Meanwhile, in Mississippi, Union Major General Ulysses S. Grant was closing in on a Confederate army at Vicksburg, Mississippi. Loss of Vicksburg would give the Union control of the Mississippi River and effectively cut off Confederate territory west of the Mississippi from the rest of the Confederacy. Leaders of the Confederate government, Confederate President Jefferson Davis and Confederate States Secretary of War James A. Seddon wanted to relieve the pressure on Vicksburg, possibly by sending reinforcements from Virginia to Mississippi or to Tennessee in order to divert attention of Union forces from Vicksburg.

In meetings with Davis and Seddon from May 14, 1863 to May 17, 1863 and on May 26, 1863, Lee proposed to relieve the pressure in Mississippi by diverting Union Army attention to an invasion of the North from Virginia. This also would spare Virginia from further campaigning that summer, allow the Army of Northern Virginia to live off the land in the North and to threaten major cities, such as Philadelphia, Baltimore and Washington, D.C., in order to weaken Northern support for the war and possibly even to obtain foreign recognition of the Confederacy. Davis and Seddon, along with Davis's entire cabinet, except Postmaster-General John Reagan of Texas, agreed upon Lee's plan at these meetings. However, further correspondence was exchanged, which made it appear to some later historians that Davis's full approval did not come until May 31. On the other hand, historian Stephen W. Sears states that the further correspondence only concerned Lee's difficulty with D. H. Hill concerning reinforcements and not the plan to invade the North and that Lee began to get his force ready to move north on May 17.

Lee completed a reorganization of his army by June 1, 1863 and began preparations to move to Virginia's Shenandoah Valley and then into Maryland and Pennsylvania. By June 2, 1863, Lee had intelligence that Union forces along the Virginia coast and on the Virginia Peninsula were not contemplating a move against Richmond, Virginia, the Confederacy's capital and that Hooker was not prepared to make another strike across the Rappahannock.

===Beginning of the Gettysburg Campaign===
The Confederate Gettysburg Campaign began on June 3, 1863 with the Second Corps, Army of Northern Virginia, under its new commander, Lieutenant General Richard S. Ewell, moving northwest from the Fredericksburg area to Culpeper Court House, Virginia. By the next day, Hooker learned of the Confederate movement but did not know whether Lee was attempting to move north or to attack Hooker's right flank or whether the Confederates were moving their infantry or just cavalry.
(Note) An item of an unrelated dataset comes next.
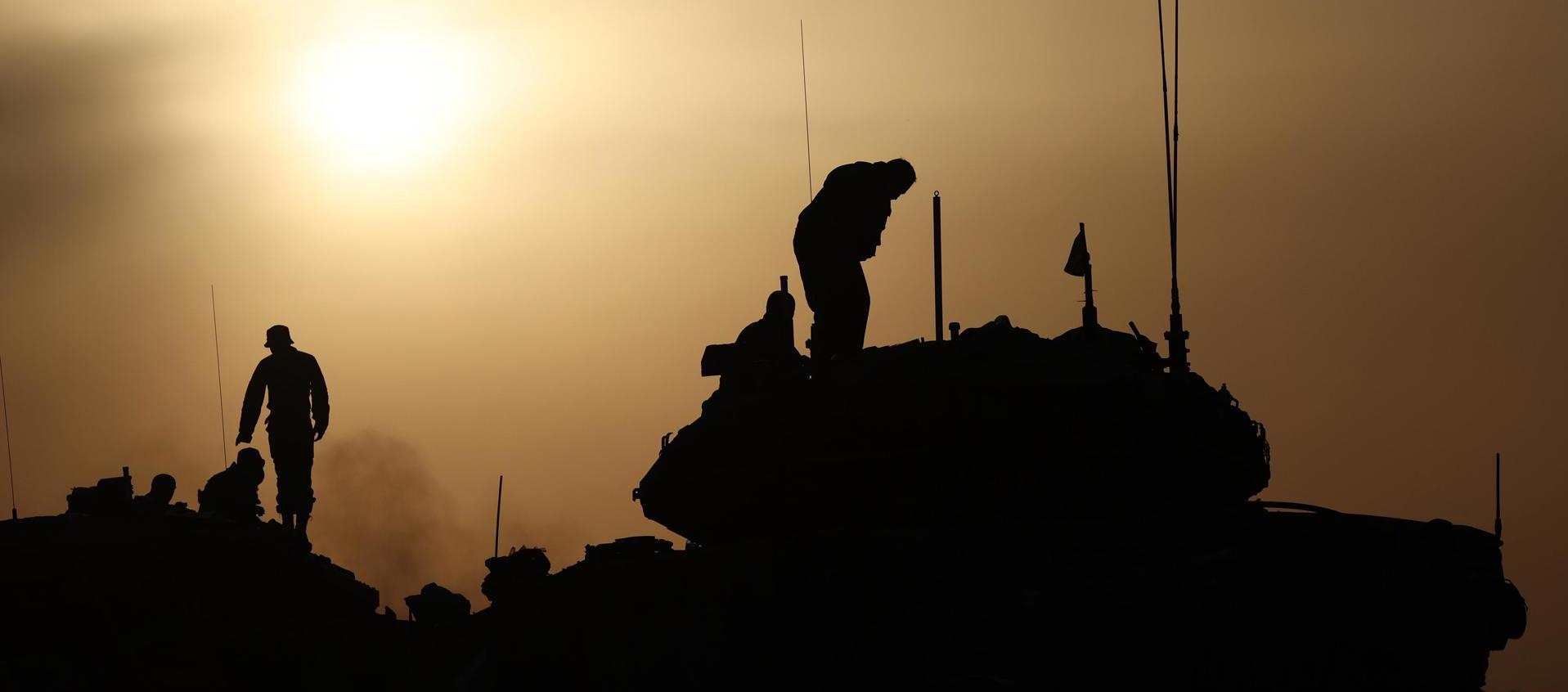 Ejército israelí en la Franja de Gaza.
Hooker proposed to attack Lieutenant General A. P. Hill's Third Corps at Fredericksburg but President Abraham Lincoln and Union Army General-in-Chief Henry Halleck thought that the plan was too risky and would enable Lee to turn his force at Culpeper to attack Hooker's flank, possibly while Hooker's men were engaged in crossing the Rappahannock. Hooker gave up the idea.
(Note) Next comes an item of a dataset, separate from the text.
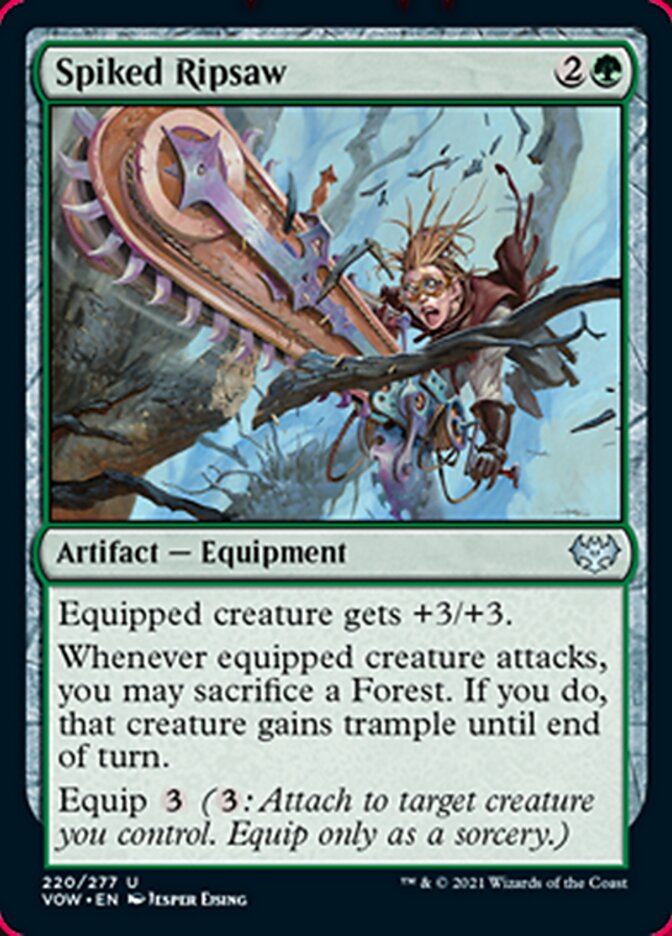 Spiked Ripsaw [Innistrad: Crimson Vow] | Good Games Morley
On June 6, 1863, Union Brigadier General John Buford informed Hooker that Lee's "movable" force, consisting of six brigades of cavalry, was at Culpeper. Buford did not know about the presence of Ewell's Second Corps and two of James Longstreet's First Corps divisions at Culpeper.
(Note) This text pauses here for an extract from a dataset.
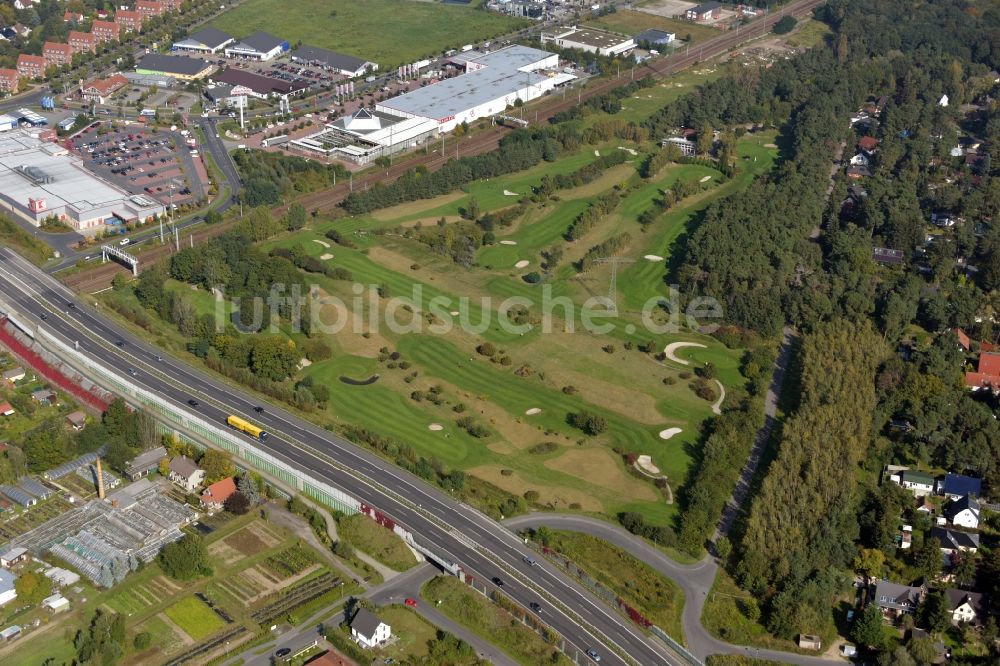 Luftbild Blankenfelde-Mahlow - Golfplatz in Blankenfelde-Mahlow im Bundesland Brandenburg, Deutschland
===Battle of Brandy Station===
On June 7, acting on Buford's intelligence, Hooker ordered Major General Alfred Pleasonton to take his entire cavalry corps and 3,000 infantrymen, a combined force of about 11,000 men including artillerymen, across the Rappahannock River near Brandy Station, Virginia and "disperse and destroy" the Confederate force at Culpeper. At dawn on June 9, 1863, Pleasonton's force, divided into two wings commanded by Brigadier General John Buford and Brigadier General David McMurtrie Gregg, crossed the Rappahannock at Beverly Ford and Kelly's Ford, about 5.5 mi apart. They planned to unite at Brandy Station about 4 mi from Beverly Ford and 8 mi from Kelly's Ford and then to move 6 mi west to Culpeper. Buford's wing drove the Confederate pickets from Beverly Ford and surprised the Confederate cavalry camped nearby around Fleetwood Hill, where Stuart had his headquarters, and Brandy Station. The Battle of Brandy Station, the largest cavalry battle of the war, continued until late afternoon with the Confederates ultimately holding Fleetwood Hill. With Confederate infantry approaching the area, Pleasonton made an orderly withdrawal across the Rappahannock. Stuart called the battle a victory but he was subjected to criticism for being surprised and for the losses inflicted on his men by Pleasonton's force. To Stuart's chagrin, for the first time in the war, the Union cavalry came out of a battle with the Confederate cavalry on roughly even terms.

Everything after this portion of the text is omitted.